> **Work request**
With both ends included, repeat exactly the lines of the entries below from the one containing "Cute border collie" down to the one containing "Weisses Gebäude in einem Park", and no others.

++++++

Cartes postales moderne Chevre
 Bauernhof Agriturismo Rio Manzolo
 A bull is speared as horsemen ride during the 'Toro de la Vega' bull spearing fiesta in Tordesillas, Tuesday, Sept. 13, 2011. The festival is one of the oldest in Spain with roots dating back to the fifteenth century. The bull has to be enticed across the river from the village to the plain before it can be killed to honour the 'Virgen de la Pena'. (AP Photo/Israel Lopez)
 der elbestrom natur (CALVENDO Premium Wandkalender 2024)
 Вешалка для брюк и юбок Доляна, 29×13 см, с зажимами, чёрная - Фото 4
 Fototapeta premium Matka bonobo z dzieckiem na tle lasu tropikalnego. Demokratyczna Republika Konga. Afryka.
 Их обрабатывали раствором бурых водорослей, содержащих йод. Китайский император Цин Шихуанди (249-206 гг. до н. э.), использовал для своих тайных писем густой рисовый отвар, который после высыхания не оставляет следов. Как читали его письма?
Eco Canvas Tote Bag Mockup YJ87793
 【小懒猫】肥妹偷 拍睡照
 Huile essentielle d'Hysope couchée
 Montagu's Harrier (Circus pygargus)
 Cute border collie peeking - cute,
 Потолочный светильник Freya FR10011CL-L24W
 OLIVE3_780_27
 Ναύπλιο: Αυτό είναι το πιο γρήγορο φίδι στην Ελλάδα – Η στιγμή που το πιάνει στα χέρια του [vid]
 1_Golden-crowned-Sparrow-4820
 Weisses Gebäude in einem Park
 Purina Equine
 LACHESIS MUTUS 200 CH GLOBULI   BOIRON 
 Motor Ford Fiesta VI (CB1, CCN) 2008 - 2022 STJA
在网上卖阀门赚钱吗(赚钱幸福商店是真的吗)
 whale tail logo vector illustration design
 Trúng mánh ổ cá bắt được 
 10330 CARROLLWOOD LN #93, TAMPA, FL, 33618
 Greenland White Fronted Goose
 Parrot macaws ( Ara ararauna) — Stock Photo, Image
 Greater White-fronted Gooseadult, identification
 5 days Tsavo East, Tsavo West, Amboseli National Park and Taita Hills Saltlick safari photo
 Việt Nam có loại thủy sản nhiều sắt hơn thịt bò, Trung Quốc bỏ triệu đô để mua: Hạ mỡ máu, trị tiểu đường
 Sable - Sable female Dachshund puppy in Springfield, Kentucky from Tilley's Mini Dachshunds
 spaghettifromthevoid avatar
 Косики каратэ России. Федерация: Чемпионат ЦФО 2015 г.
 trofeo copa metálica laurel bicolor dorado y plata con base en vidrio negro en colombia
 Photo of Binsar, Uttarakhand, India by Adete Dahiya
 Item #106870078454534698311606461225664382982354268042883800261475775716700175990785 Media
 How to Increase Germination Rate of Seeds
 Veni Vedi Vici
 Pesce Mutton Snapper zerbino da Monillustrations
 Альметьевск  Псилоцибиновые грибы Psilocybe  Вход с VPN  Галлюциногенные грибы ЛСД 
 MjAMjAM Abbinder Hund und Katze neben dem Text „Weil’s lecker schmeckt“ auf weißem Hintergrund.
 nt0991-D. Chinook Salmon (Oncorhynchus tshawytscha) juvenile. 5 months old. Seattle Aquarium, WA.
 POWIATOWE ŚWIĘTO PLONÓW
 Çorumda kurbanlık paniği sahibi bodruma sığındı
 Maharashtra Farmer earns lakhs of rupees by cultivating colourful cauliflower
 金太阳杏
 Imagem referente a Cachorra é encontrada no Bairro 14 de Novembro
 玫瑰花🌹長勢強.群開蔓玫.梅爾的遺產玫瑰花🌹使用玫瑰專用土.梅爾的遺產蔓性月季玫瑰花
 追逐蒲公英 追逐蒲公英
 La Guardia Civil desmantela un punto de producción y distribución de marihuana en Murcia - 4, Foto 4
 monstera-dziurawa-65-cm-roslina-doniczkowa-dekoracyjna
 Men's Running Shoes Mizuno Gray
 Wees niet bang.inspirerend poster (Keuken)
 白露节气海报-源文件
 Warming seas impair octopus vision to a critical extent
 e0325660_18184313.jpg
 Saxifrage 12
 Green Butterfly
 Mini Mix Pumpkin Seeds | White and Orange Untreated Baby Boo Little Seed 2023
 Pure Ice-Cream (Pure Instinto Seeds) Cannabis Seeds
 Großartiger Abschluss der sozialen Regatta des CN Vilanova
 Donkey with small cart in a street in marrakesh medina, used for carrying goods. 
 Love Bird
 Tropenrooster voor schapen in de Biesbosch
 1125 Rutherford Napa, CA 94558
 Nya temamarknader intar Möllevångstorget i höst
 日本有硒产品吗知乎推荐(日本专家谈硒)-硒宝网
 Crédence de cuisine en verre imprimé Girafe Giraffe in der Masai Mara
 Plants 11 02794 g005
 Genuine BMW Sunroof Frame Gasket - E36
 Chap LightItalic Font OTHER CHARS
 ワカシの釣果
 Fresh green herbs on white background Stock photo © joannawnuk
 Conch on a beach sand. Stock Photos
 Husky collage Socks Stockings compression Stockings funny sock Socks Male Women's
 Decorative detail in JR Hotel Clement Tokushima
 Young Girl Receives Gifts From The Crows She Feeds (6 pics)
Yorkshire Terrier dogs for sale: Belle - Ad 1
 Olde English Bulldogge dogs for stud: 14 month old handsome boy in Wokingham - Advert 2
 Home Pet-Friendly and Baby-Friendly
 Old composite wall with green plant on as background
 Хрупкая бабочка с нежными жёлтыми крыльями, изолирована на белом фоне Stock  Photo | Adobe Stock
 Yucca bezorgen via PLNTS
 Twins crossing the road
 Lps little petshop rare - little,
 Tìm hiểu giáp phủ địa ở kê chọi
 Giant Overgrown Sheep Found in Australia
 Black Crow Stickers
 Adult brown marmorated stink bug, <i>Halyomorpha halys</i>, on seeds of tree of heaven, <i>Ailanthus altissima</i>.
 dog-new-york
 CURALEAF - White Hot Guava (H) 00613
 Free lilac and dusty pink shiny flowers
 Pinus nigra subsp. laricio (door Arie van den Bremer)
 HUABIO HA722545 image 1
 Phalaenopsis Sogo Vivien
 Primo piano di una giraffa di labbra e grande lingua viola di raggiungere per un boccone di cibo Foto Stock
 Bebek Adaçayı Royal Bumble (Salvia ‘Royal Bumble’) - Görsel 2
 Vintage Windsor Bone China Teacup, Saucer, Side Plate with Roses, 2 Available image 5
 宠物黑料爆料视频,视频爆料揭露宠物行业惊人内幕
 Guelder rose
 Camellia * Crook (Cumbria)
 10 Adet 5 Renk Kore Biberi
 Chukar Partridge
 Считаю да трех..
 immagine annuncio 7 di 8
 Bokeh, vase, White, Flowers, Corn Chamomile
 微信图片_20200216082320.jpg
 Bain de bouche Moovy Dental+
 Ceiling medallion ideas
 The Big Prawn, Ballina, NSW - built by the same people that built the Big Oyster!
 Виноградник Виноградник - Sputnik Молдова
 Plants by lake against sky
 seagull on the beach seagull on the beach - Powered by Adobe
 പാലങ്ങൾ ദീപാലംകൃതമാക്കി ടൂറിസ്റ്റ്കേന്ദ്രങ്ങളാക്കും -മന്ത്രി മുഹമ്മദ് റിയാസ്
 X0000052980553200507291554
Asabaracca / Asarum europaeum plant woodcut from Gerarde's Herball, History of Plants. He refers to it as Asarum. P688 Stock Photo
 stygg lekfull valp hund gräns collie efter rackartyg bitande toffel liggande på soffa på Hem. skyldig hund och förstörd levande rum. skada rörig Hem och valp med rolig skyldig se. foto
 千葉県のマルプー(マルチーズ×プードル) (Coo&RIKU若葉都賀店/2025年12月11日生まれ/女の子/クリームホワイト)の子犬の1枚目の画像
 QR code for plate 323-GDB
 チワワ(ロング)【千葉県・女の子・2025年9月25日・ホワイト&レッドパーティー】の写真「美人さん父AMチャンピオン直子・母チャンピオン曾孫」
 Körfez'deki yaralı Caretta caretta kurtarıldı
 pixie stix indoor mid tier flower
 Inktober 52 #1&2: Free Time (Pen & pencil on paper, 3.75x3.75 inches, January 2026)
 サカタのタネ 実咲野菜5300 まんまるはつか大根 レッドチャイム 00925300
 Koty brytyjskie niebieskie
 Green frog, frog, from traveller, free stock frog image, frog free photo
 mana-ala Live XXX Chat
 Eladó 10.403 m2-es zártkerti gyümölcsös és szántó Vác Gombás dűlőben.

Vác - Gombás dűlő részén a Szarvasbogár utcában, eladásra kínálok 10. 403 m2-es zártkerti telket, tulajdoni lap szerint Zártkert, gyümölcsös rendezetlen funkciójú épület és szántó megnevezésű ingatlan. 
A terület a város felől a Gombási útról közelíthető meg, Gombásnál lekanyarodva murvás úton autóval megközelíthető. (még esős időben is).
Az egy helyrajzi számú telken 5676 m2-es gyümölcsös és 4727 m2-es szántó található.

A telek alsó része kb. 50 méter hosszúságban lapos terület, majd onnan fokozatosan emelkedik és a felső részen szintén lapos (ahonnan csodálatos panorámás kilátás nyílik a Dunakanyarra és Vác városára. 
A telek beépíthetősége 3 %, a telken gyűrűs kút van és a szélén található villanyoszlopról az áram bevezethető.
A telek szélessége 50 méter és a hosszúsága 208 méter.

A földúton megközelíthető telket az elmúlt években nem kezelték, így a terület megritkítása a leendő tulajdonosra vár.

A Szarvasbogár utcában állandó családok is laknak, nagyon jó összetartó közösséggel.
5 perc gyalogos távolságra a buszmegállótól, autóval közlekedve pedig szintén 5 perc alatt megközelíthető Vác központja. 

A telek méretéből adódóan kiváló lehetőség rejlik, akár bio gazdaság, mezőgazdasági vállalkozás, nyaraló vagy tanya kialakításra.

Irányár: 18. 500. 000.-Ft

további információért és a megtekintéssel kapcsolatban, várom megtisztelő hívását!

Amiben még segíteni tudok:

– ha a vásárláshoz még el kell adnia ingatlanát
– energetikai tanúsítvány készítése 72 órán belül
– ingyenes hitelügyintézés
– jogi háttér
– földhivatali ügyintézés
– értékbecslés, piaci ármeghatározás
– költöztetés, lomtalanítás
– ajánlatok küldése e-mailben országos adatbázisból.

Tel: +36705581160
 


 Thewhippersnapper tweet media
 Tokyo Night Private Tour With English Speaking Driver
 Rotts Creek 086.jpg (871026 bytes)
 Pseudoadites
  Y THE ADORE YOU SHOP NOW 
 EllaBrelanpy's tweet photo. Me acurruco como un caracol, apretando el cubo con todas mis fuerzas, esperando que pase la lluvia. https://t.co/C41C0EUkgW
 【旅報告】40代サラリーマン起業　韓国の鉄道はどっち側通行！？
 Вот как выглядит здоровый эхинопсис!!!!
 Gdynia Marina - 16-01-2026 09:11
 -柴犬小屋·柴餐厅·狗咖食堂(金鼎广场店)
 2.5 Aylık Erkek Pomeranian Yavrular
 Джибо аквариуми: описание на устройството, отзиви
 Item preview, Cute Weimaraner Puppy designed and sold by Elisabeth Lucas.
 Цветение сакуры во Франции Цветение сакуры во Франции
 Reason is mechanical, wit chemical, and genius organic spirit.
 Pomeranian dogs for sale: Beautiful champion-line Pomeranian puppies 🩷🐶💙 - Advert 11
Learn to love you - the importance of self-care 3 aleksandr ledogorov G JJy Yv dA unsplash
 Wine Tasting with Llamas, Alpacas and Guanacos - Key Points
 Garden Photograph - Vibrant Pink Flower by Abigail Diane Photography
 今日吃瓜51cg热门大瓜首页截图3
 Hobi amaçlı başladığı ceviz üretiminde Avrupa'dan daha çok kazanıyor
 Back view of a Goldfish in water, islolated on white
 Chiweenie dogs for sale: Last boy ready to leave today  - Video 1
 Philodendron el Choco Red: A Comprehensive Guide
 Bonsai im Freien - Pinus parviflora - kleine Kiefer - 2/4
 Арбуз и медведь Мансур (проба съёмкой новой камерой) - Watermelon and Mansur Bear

++++++

> **Solution to the exercise**
 Cute border collie peeking - cute,
 Потолочный светильник Freya FR10011CL-L24W
 OLIVE3_780_27
 Ναύπλιο: Αυτό είναι το πιο γρήγορο φίδι στην Ελλάδα – Η στιγμή που το πιάνει στα χέρια του [vid]
 1_Golden-crowned-Sparrow-4820
 Weisses Gebäude in einem Park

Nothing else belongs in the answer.